In the records below, the part to copy starts at the line containing "Used 2016 Porsche" and goes to the last line; output it exactly, without pictures.

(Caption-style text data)

#####

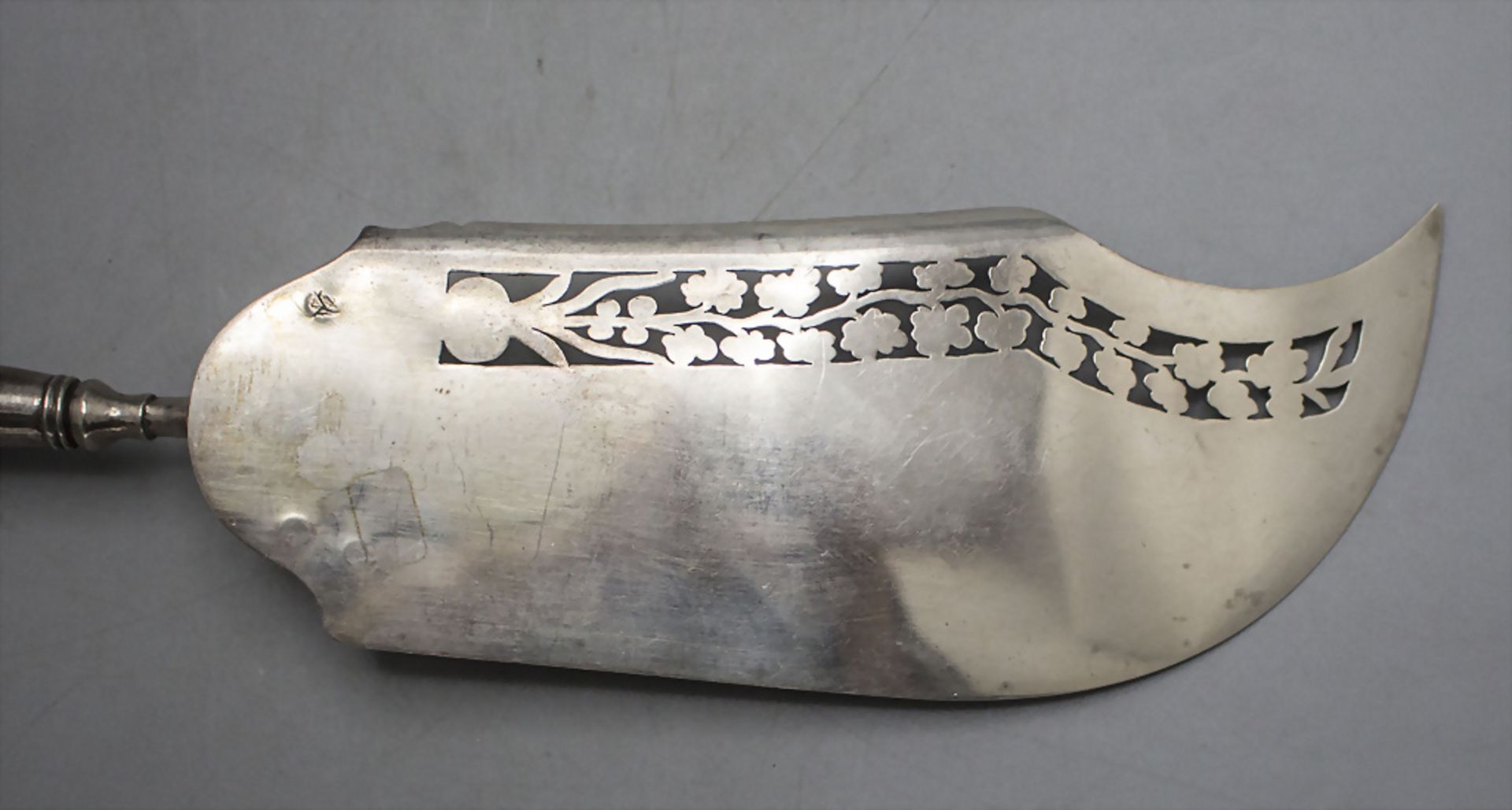 Fischheber / A silver fish server, Antoine Moranges, Paris, nach 1819 - Image 2 of 4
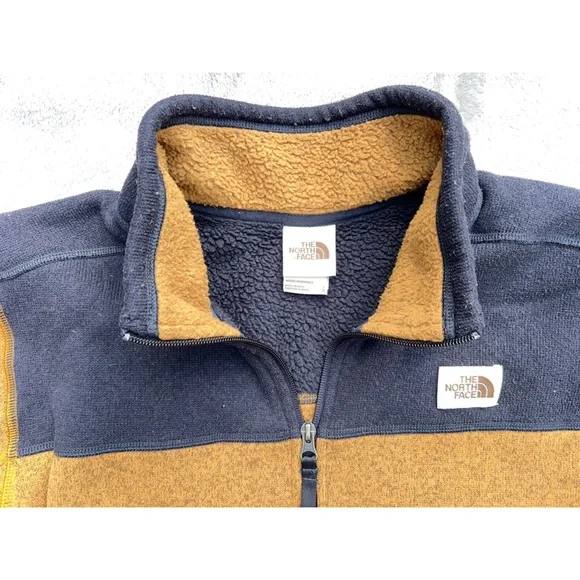 The North Face Half Zip Fleece - Brown and Black - Picture 3 of 4
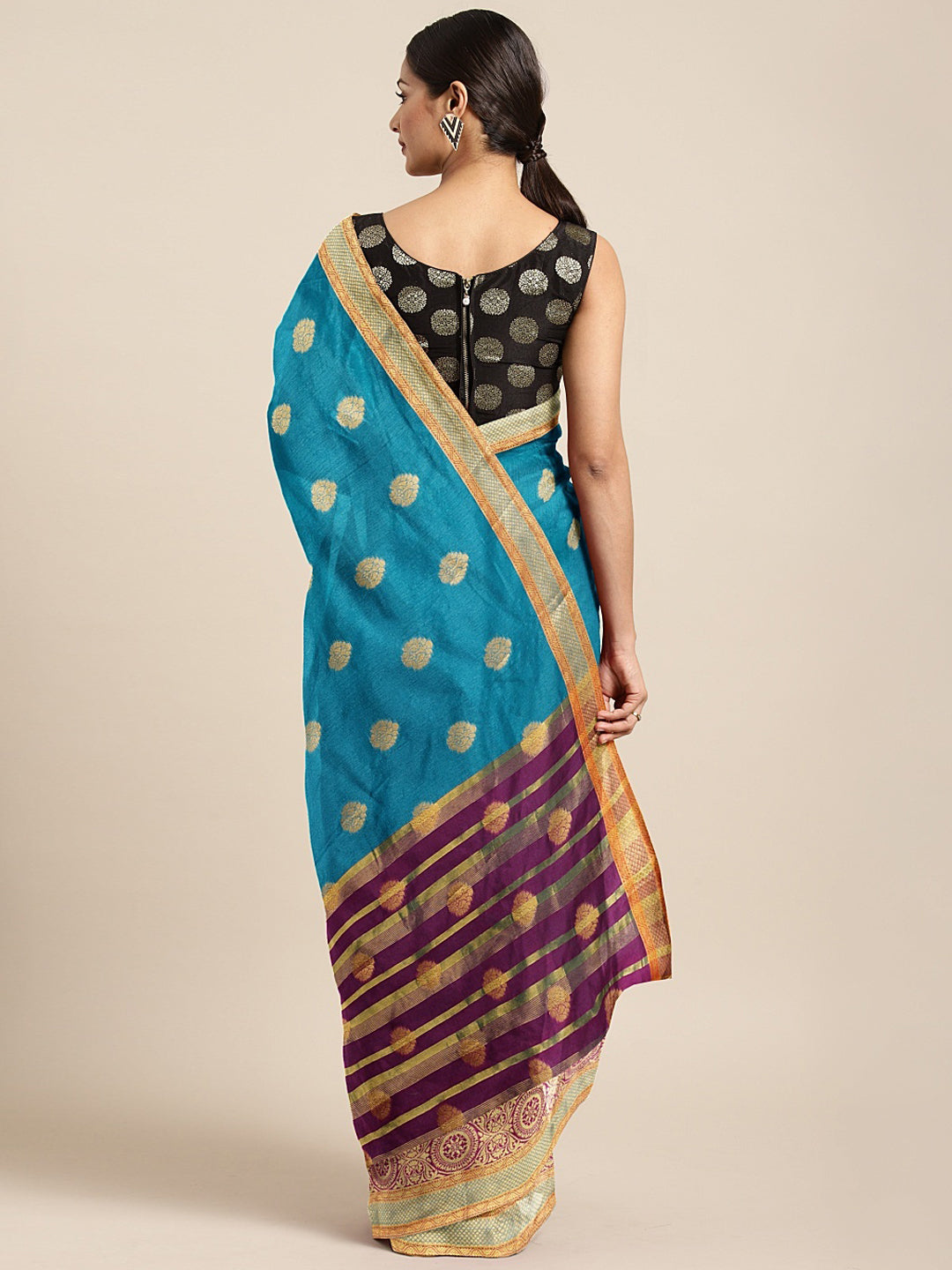 Neerus Blue Textured Saree With Blouse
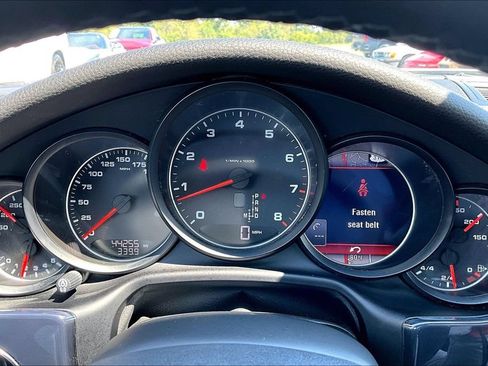 Used 2016 Porsche Panamera 4 AWD/4WD image 15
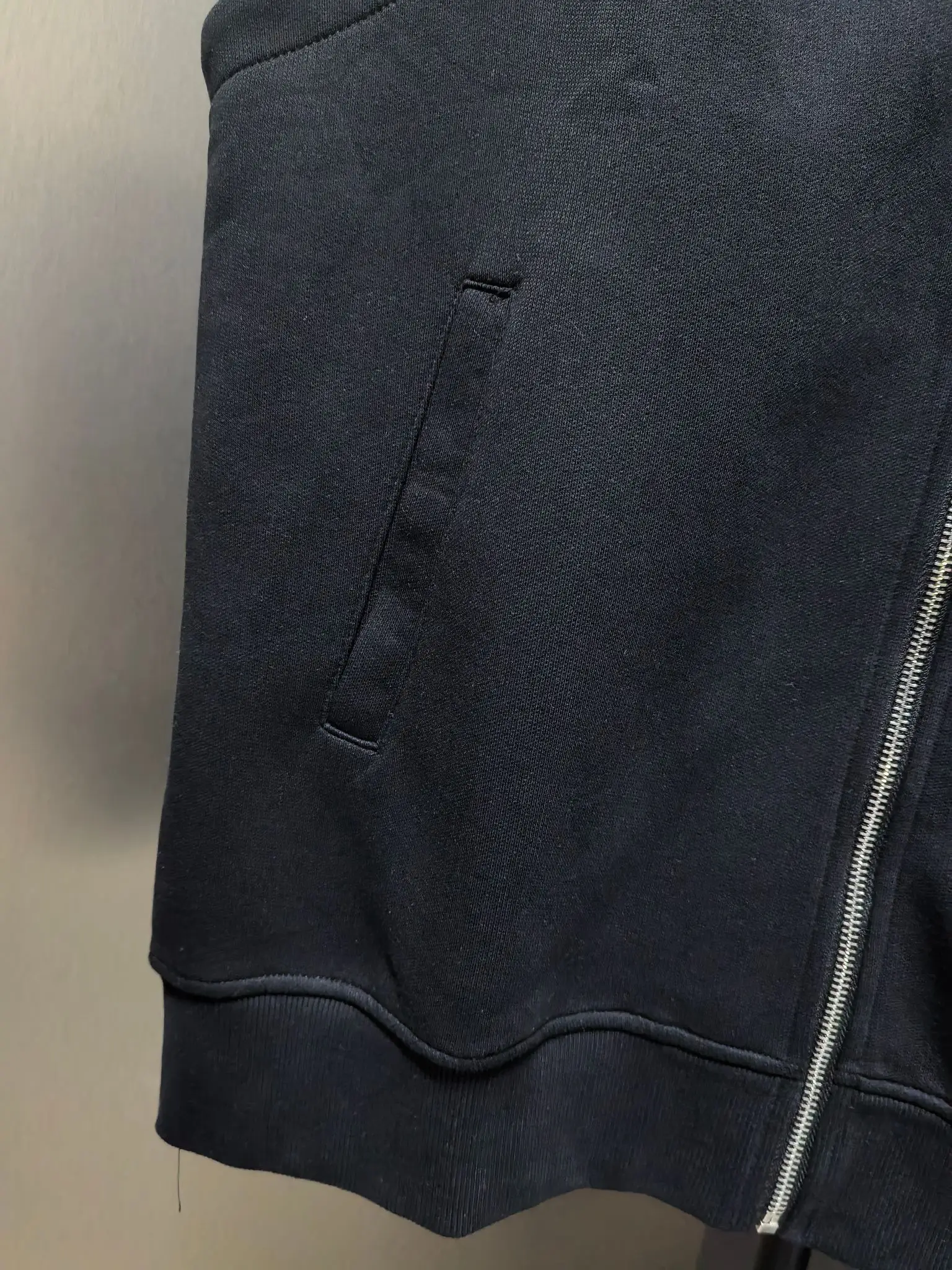 On Running Logo-Print Zip-Up Gilet D33022119 — view 4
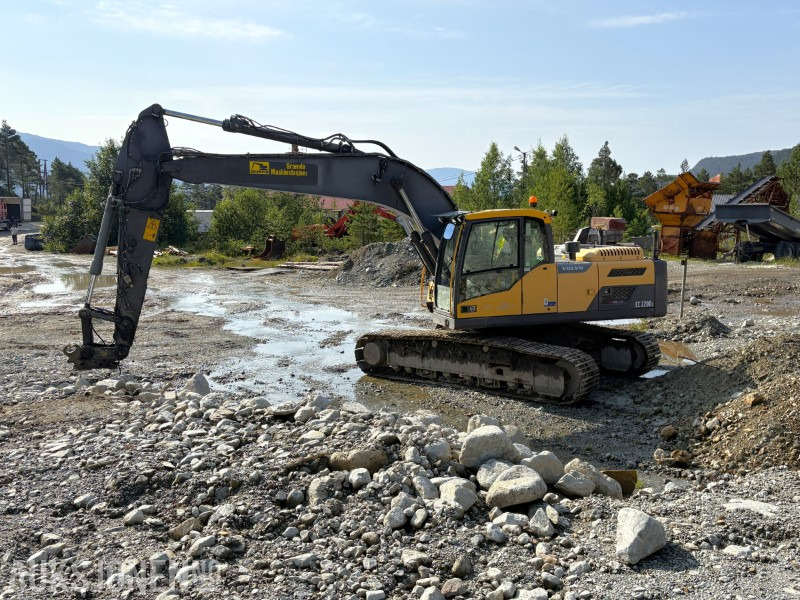 2014 Volvo EC 220DL - 10 656 timer - sertifisert - Excavator: picture 1 2014 Volvo EC 220DL - 10 656 timer - sertifisert - Excavator: picture 1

#####

(TASK RESULT)
 Used 2016 Porsche Panamera 4 AWD/4WD image 15
 On Running Logo-Print Zip-Up Gilet D33022119 — view 4
 2014 Volvo EC 220DL - 10 656 timer - sertifisert - Excavator: picture 1 2014 Volvo EC 220DL - 10 656 timer - sertifisert - Excavator: picture 1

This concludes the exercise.